Now consider a highly integrated tactical communications infrastructure that is assured and secured with active cyber defence, with more than enough bandwidth to provide dismounted leaders access to all of the traditional and non-traditional Intelligence, Surveillance, and Reconnaissance (ISR) sources, the Common Operating Picture (COP), and the digital networks that are critical to maintaining end-to-end situational awareness. This capability would allow CAF to maximise and re-capitalise the utilization of in-service tactical communication systems with a modern approach to information management and networking, making use of private sector communications technology, including increased satcom bandwidth for new and emerging data transit requirements, expanded utilization of Link 16 communications for increased air-to-ground situational awareness, a “commander’s dashboard” for network and cyber monitoring, and Anti-Jam (AJ) and Low Probability of Intercept (LPI) over commercial Ka band satcom for operations in Anti-Access Area-Denial (A2AD) environments.
Viasat is one of the communications companies that is bringing this end-to-end capability forward and urging the DND to take advantage of the accelerated development cycles, substantially higher research and development funding, and advanced technology available within the private sector.
Modern private sector communications networks, such as this “Hybrid Adaptive Network” architecture, provide substantially greater performance, resilience, security, scalability, and cost-effectiveness than their government purpose-built counterparts. This performance gap will continue to widen as the private sector continues to apply agile development processes and accelerate research and development in order to create competitive advantage in the multi-billion dollar communication market. Due to their longer acquisition and development cycles, future government purpose-built systems will be at least one generation behind the technology and performance curve on the day they become operational, and they will grow more obsolete over the course of their fielded life-cycle.

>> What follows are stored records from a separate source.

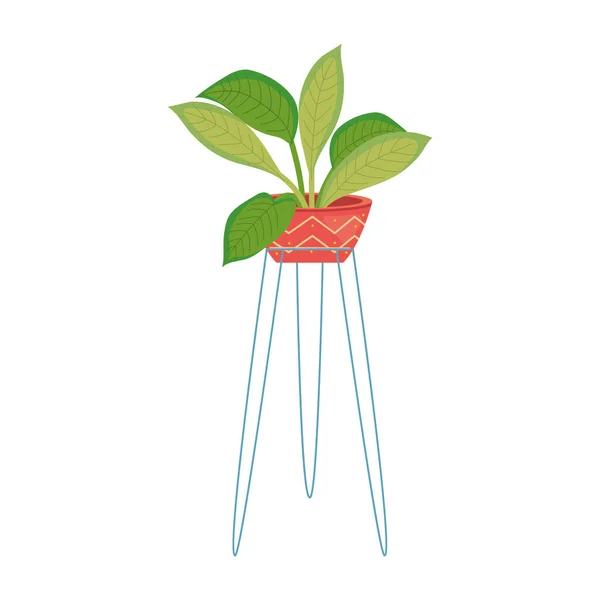 Pflanze im Topf mit Zick-Zack-Linien Vektor-Design — Stockvektor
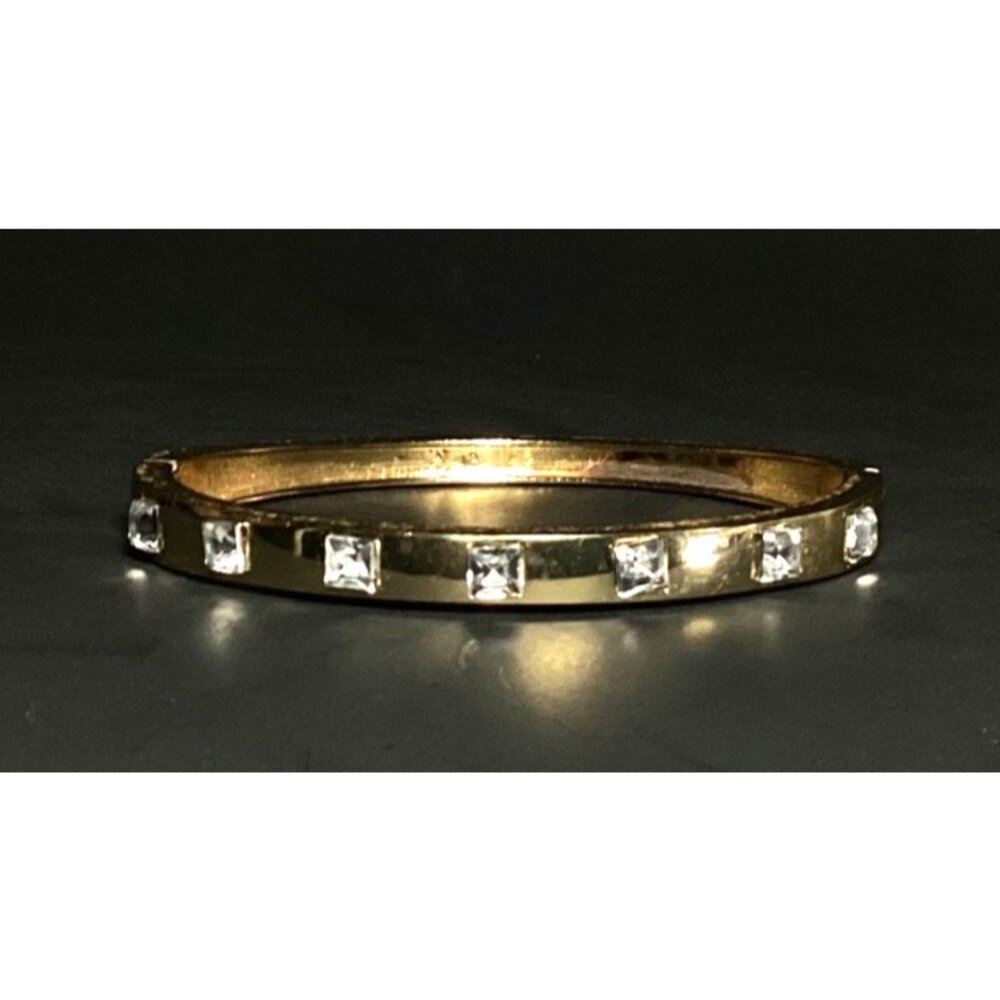 Gold Tone Hinged Metal Clamper Bangle Bracelet with Rhinestones - Picture 3 of 7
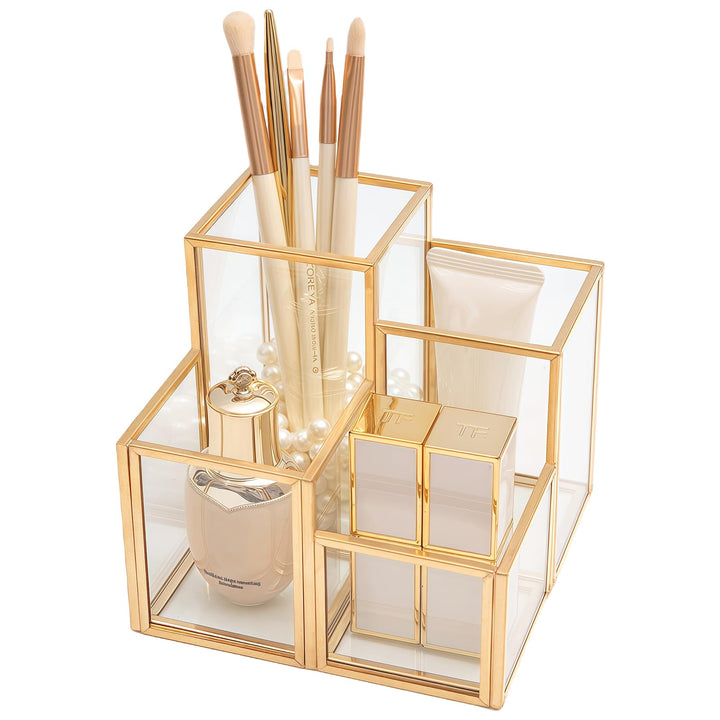 HARLIANGXY Make up Pinsel Organizer Gold, Pinselhalter Kosmetik 4 Fächer - Kosmetik Organizer Glas,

Ken Peterman, Viasat’s president of government systems, also recommends the government and commercial sector look to be interoperable at the network layer to provide warfighters with a seamless, resilient, agile, and protected satcom network available everywhere. This Hybrid Adaptive Network would enable new, cutting-edge commercial technologies to be used interchangeably with other services as well as existing DND purpose-built systems, rapidly delivering enhanced resilience at an affordable price.

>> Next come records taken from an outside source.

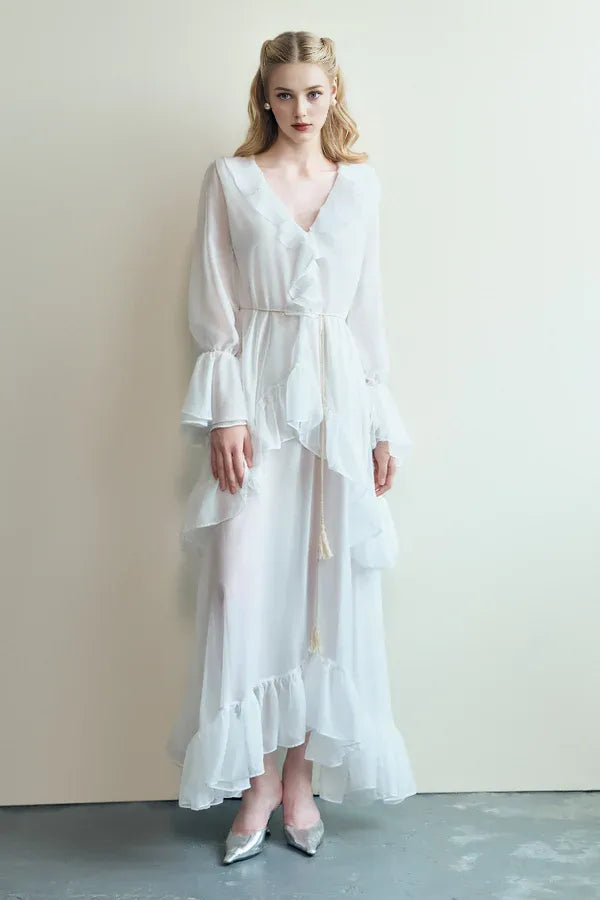 Dress A-line Bishop Sleeved Voile Maxi Dress V Neck Vintage Solid Color Ruffles Prom Dress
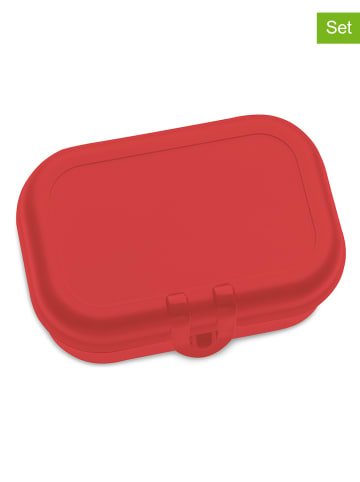 Koziol Pojemniki (2 szt.) "Pascal S" w kolorze czerwonym na lunch - 15 x 6 x 11 cm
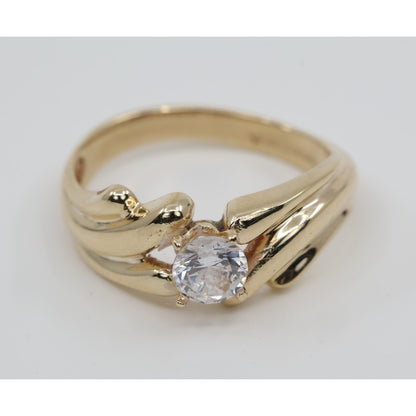 14K Yellow Gold Round Cut CZ Swirling Bypass Ring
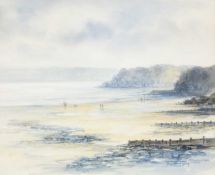 ‡ VALERIE GANZ (1936-2015) mixed media - vast coastal scene with figures walking on the shoreline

At the present time, the CAF operates over WGS and purchases communications bandwidth on an as-required basis from commercial satellites. While this has been sufficient to date, future requirements and emerging threats from near-peer adversaries have highlighted the critical need to improve secure communications. Moving from an exclusively closed-government network (acquisition-based model) to a platform that is shared with commercial network providers (market-based competition model) sets up an open-standards marketplace for satellite services for the DND, encourages innovation, reduces the risk of adding new types of networks in the future, and provides an easy path to interoperability.
Recent joint exercises in the United States have already demonstrated the promise of this architecture for empowering ground forces to fight whenever and wherever they are needed. With these modernization initiatives, the Army will have a network that is not only ubiquitous, but also sufficiently robust to support the evermore extensive use of battlefield data, even in the face of the emerging threats from near-peer adversaries.